## How to complete this task
Print the data below exactly, but only the lines from the one containing "this office/bonus room" down to the one containing "group meditation, people", inclusive.
Information given Start Marker
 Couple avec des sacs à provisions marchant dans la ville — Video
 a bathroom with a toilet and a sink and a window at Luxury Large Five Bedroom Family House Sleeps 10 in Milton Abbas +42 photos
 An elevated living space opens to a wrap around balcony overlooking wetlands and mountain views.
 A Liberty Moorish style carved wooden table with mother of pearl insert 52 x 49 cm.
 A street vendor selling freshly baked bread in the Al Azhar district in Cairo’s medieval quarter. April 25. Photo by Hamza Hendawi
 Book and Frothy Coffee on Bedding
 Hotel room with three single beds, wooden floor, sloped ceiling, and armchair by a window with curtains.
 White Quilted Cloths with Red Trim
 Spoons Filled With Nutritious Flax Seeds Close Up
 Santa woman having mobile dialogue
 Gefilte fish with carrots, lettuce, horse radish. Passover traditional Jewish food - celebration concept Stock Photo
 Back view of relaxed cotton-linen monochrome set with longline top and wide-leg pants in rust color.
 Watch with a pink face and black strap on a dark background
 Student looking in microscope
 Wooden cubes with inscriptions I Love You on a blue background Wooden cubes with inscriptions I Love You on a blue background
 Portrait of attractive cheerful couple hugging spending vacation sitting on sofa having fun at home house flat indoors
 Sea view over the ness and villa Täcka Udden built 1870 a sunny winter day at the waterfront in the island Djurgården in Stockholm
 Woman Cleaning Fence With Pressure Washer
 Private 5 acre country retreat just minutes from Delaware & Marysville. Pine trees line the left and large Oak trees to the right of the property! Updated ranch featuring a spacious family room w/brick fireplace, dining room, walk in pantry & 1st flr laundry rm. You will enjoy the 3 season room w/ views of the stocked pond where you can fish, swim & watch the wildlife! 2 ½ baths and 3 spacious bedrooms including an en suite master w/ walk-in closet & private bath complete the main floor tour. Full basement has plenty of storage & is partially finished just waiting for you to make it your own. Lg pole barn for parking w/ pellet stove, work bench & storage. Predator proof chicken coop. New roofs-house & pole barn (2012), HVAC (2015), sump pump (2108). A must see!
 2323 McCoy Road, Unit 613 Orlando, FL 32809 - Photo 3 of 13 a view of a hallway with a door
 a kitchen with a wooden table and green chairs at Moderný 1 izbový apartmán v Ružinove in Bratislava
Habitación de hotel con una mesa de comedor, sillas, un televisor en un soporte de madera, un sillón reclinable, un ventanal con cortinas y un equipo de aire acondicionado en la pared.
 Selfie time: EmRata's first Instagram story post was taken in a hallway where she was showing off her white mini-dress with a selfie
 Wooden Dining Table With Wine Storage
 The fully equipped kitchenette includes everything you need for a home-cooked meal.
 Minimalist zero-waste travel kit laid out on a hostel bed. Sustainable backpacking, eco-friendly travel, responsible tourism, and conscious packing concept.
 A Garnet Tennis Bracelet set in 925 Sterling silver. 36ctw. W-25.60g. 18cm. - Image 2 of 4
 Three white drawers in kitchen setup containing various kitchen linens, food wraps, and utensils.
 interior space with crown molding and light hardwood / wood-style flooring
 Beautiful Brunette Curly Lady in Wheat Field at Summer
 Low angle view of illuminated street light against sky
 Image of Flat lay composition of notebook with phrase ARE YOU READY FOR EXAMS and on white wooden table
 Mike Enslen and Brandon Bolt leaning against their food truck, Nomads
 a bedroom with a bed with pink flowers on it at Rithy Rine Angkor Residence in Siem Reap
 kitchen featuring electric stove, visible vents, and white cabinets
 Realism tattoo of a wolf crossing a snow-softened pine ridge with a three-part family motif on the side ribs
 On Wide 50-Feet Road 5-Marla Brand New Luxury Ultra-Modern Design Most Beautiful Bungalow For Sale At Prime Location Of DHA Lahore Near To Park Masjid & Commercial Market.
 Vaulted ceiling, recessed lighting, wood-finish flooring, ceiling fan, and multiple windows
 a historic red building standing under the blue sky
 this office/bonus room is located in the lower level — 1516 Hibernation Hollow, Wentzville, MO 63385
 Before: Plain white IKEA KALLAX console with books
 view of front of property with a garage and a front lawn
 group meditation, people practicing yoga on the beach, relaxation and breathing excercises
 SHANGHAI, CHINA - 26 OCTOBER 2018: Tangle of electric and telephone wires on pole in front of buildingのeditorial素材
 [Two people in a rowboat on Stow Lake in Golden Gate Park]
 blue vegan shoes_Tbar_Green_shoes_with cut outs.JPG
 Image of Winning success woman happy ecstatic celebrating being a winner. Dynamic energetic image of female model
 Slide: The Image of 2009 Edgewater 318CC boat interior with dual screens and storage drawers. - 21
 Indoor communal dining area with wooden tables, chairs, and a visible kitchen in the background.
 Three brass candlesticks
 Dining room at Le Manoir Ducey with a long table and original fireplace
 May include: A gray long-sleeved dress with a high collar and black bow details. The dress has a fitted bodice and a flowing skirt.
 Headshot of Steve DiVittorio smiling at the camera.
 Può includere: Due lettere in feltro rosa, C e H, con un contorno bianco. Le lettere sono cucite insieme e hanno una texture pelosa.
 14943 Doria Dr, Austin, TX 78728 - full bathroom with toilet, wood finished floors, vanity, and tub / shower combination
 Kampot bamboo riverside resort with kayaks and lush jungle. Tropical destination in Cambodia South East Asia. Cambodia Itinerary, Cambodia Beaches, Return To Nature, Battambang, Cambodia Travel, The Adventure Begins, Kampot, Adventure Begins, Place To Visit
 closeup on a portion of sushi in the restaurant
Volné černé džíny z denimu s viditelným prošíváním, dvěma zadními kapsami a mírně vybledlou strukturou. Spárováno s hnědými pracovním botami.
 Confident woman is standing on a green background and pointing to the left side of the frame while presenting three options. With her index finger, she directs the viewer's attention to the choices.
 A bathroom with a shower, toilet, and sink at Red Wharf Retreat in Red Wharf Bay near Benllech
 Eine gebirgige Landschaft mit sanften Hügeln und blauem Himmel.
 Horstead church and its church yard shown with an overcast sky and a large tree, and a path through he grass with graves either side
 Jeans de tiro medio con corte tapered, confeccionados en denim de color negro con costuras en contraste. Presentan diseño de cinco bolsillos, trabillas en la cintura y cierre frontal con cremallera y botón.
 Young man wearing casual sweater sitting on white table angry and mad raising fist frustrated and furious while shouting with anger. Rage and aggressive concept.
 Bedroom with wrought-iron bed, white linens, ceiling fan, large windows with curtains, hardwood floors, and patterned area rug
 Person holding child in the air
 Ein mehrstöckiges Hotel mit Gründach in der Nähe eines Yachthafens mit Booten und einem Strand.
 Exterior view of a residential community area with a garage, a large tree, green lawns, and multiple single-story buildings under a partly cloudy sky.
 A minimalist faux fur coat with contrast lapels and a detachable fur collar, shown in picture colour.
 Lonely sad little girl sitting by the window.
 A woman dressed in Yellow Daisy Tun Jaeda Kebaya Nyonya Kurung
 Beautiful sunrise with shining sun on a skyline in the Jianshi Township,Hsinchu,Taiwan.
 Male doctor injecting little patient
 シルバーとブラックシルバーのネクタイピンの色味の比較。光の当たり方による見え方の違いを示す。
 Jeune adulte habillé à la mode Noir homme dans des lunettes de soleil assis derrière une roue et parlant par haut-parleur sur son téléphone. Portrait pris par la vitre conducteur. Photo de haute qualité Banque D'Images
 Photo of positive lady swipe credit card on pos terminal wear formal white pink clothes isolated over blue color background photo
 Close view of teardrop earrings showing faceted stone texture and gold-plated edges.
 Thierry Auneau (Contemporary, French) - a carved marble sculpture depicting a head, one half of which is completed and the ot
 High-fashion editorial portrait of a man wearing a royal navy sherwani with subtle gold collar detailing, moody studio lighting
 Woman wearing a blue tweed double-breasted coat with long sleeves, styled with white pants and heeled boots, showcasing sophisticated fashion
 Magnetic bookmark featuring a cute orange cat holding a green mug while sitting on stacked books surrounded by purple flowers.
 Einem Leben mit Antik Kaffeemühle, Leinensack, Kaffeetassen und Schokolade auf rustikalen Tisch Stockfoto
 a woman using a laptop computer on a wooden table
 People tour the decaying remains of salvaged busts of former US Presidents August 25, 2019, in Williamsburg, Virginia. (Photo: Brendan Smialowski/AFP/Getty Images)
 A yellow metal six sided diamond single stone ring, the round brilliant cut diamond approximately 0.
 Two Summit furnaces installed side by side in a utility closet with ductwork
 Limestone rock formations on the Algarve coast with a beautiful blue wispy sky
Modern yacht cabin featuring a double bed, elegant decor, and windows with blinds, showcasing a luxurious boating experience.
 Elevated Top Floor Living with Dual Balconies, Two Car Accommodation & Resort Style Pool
Information given End Marker
## Solution to this exercise
 this office/bonus room is located in the lower level — 1516 Hibernation Hollow, Wentzville, MO 63385
 Before: Plain white IKEA KALLAX console with books
 view of front of property with a garage and a front lawn
 group meditation, people practicing yoga on the beach, relaxation and breathing excercises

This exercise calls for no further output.